**Records shown:**
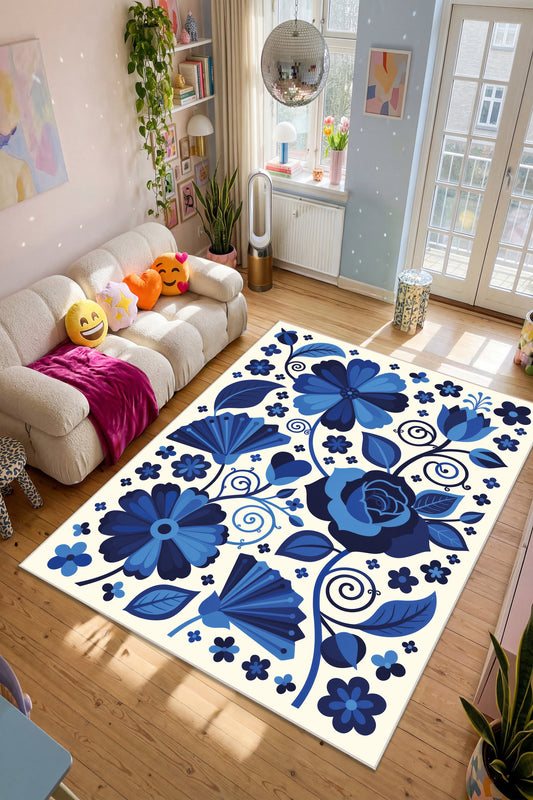 Dijital Yıkanabilir Etnik Retro Desen Kaymaz Taban Salon Halısı Mutfak Halısı Yolluk Çocuk Halısı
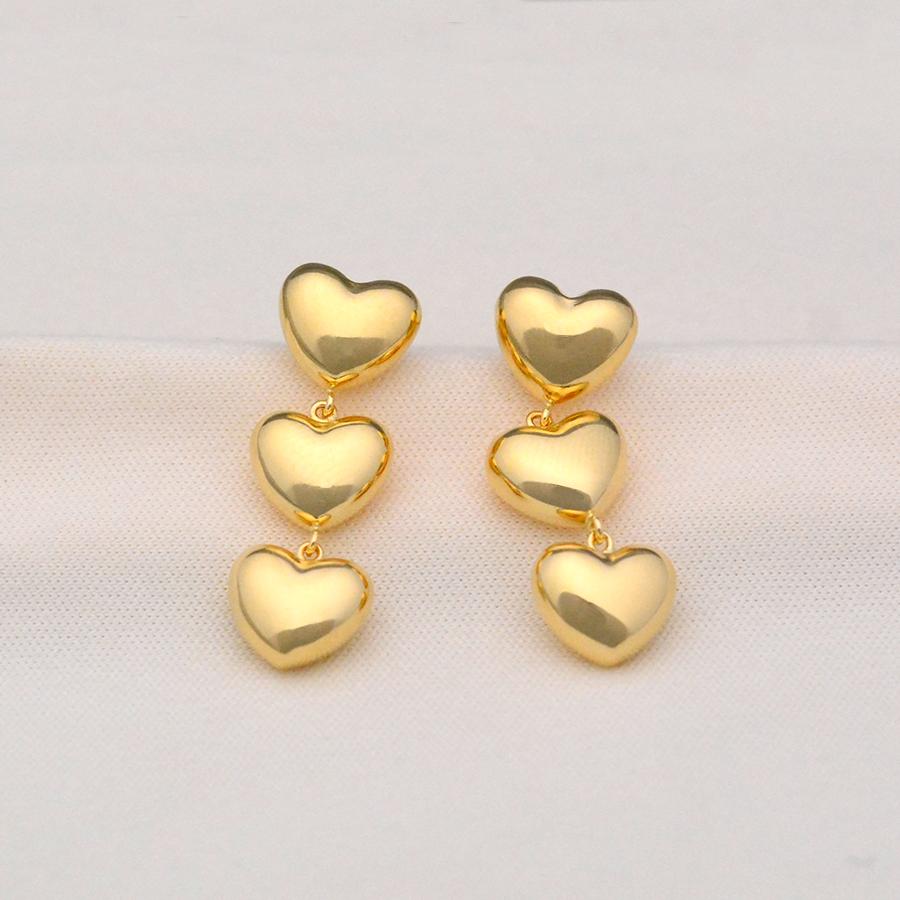 K18イエローゴールド ハート型ピアス ハートチェーンロングピアス K18イエローゴールド 7mmハート : CASHO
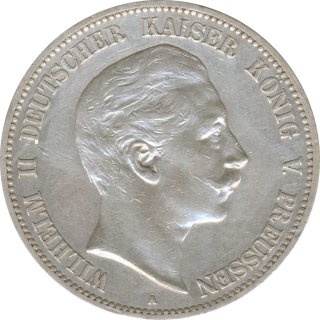 Preussen 5 Mark 1908 A Wilhelm II Silber*
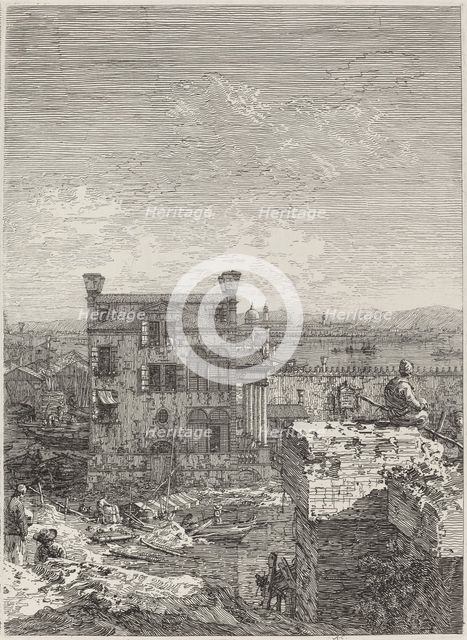 The House with the Peristyle [right], 1741. Creator: Canaletto.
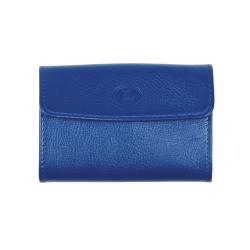 porte monnaie femme cuir bleu - de face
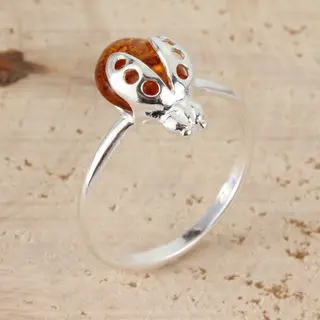 Baltic Amber Ladybird Ring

**What is being asked:** The copy you produce must repeat all the entries exactly and contain no pictures.

**The answer:**
 Dijital Yıkanabilir Etnik Retro Desen Kaymaz Taban Salon Halısı Mutfak Halısı Yolluk Çocuk Halısı
 K18イエローゴールド ハート型ピアス ハートチェーンロングピアス K18イエローゴールド 7mmハート : CASHO
 Preussen 5 Mark 1908 A Wilhelm II Silber*
 The House with the Peristyle [right], 1741. Creator: Canaletto.
 porte monnaie femme cuir bleu - de face
 Baltic Amber Ladybird Ring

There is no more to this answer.